Exclude the pictures from your copy, and reproduce each entry below verbatim.
§ §
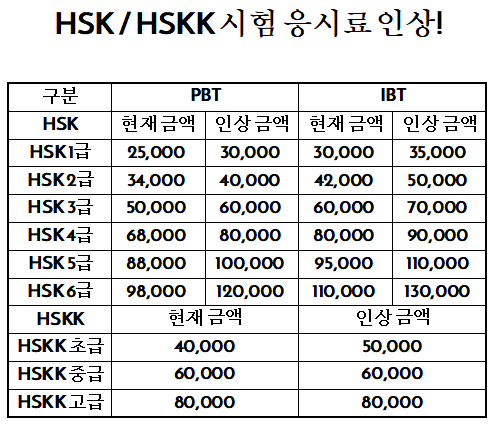  2022년 HSK 시험 응시료 인상?!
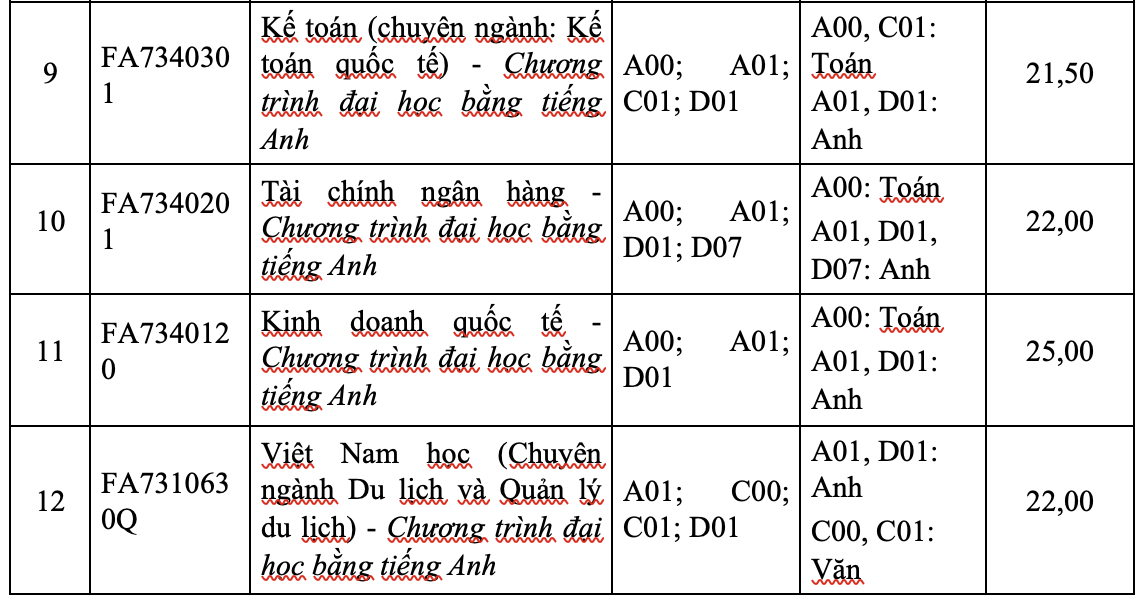 Trường ĐH Tôn Đức Thắng công bố điểm sàn xét tuyển - Ảnh 13.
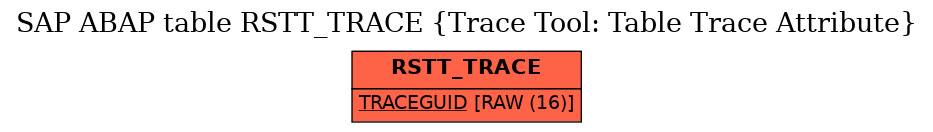 E-R Diagram for table RSTT_TRACE (Trace Tool: Table Trace Attribute)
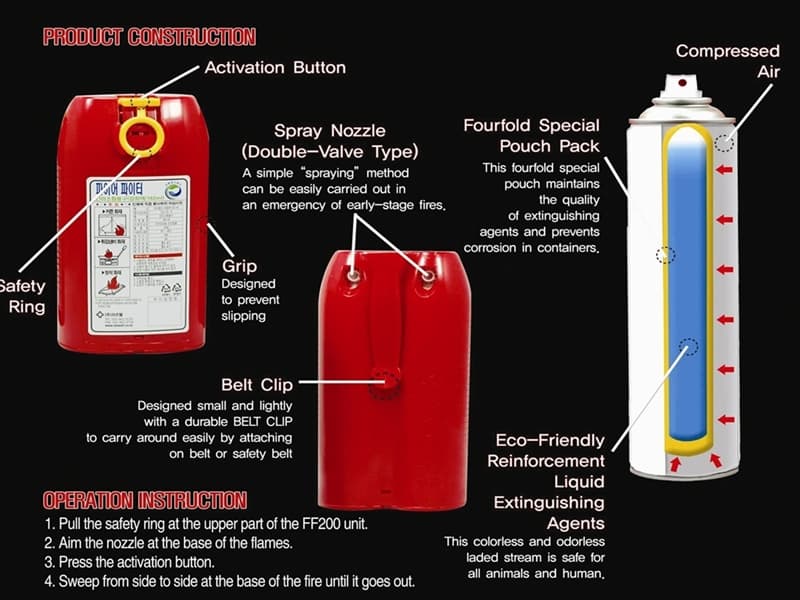 How were early fire extinguishers constructed?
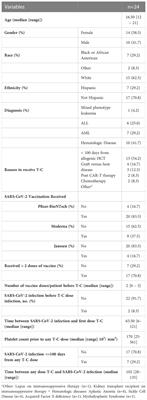 SARS-CoV-2 infection in high-risk children following tixagevimab–cilgavimab (Evusheld) pre-exposure prophylaxis: a single-center observational study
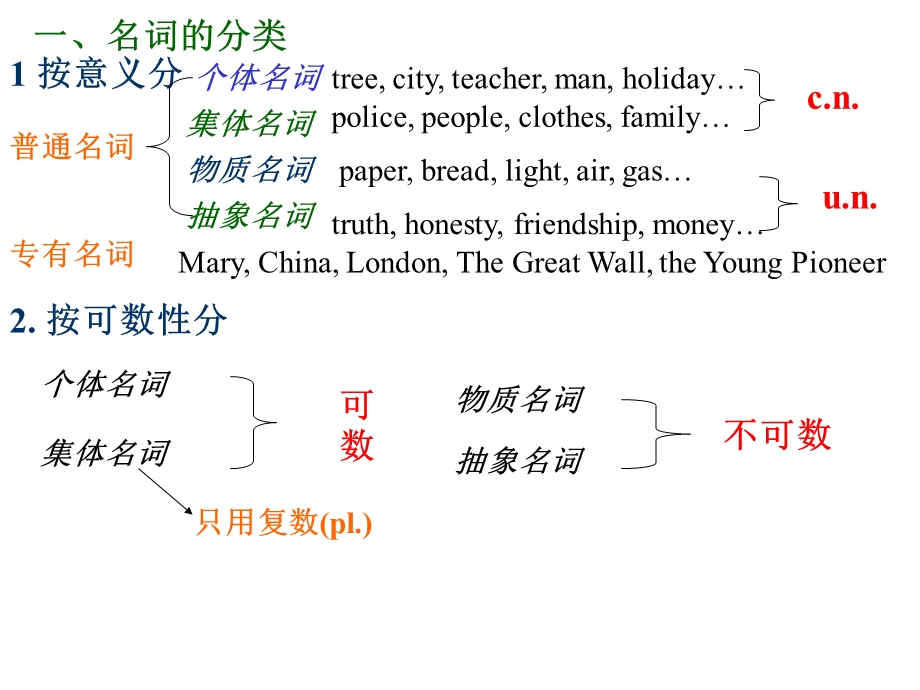 名词Nouns.ppt_第2页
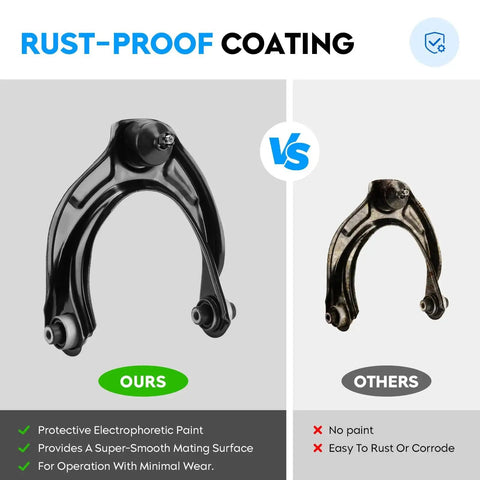 Image comparing two suspension parts, highlighting rust-proof coating on Honda Accord 2008 2012 And Acura TL 2009 2014 Front Upper Control Arm With Ball Joint Left And Right Two Piece Suspension Kit K620614 K620615 Direct Fit Beefed Up Durable Coated For Stable Steering And Smooth Ride.
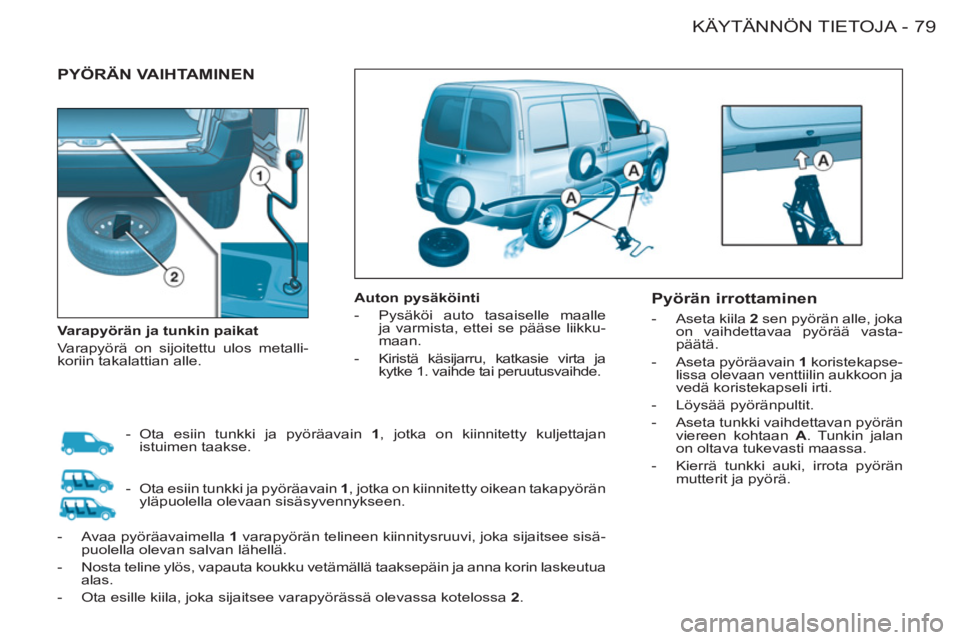 CITROEN BERLINGO FIRST 2011  Omistajan Käsikirjat (in Finnish) 79KÄYTÄNNÖN TIETOJA
-
  PYÖRÄN VAIHTAMINEN
 
 
Auton pysäköinti 
   
 
-   Pysäköi auto tasaiselle maalle 
ja varmista, ettei se pääse liikku-
maan. 
   
-   Kiristä käsijarru, katkasie v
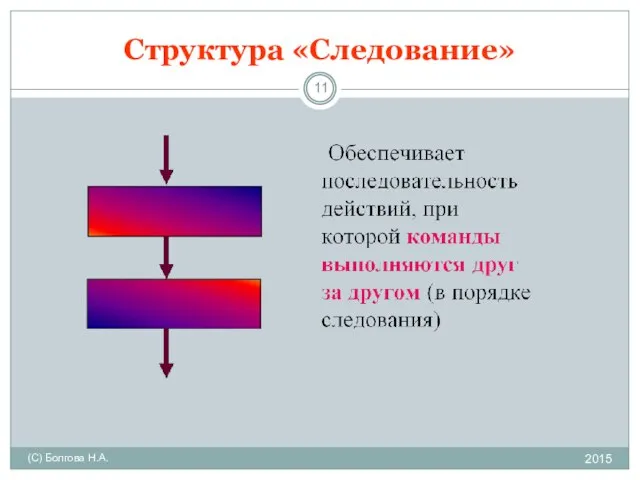 Структура «Следование» 2015 (С) Болгова Н.А.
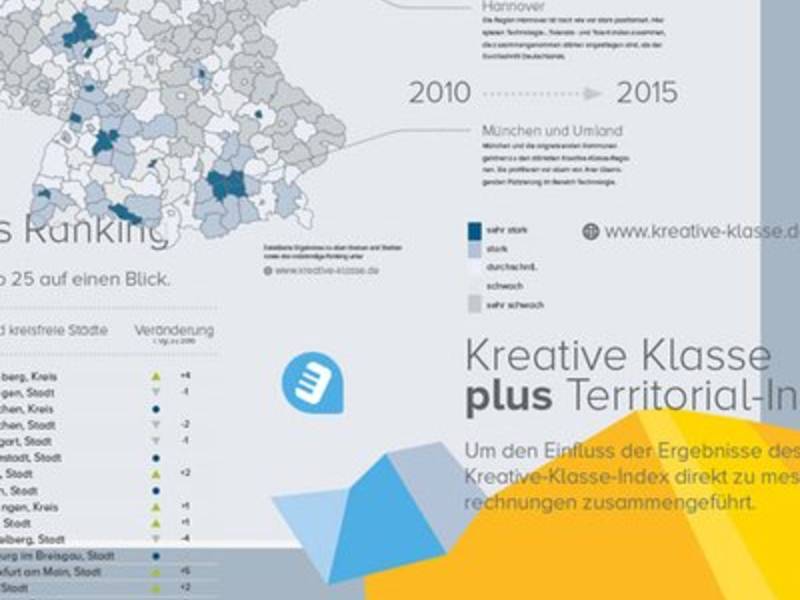 Studie: Kreative Klasse beflügelt Wirtschaft in Deutschland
§ §
▶ Answer space
  2022년 HSK 시험 응시료 인상?!
 Trường ĐH Tôn Đức Thắng công bố điểm sàn xét tuyển - Ảnh 13.
 E-R Diagram for table RSTT_TRACE (Trace Tool: Table Trace Attribute)
 How were early fire extinguishers constructed?
 SARS-CoV-2 infection in high-risk children following tixagevimab–cilgavimab (Evusheld) pre-exposure prophylaxis: a single-center observational study
 名词Nouns.ppt_第2页
 Image comparing two suspension parts, highlighting rust-proof coating on Honda Accord 2008 2012 And Acura TL 2009 2014 Front Upper Control Arm With Ball Joint Left And Right Two Piece Suspension Kit K620614 K620615 Direct Fit Beefed Up Durable Coated For Stable Steering And Smooth Ride.
 CITROEN BERLINGO FIRST 2011  Omistajan Käsikirjat (in Finnish) 79KÄYTÄNNÖN TIETOJA
-
  PYÖRÄN VAIHTAMINEN
 
 
Auton pysäköinti 
   
 
-   Pysäköi auto tasaiselle maalle 
ja varmista, ettei se pääse liikku-
maan. 
   
-   Kiristä käsijarru, katkasie v
 Структура «Следование» 2015 (С) Болгова Н.А.
 Studie: Kreative Klasse beflügelt Wirtschaft in Deutschland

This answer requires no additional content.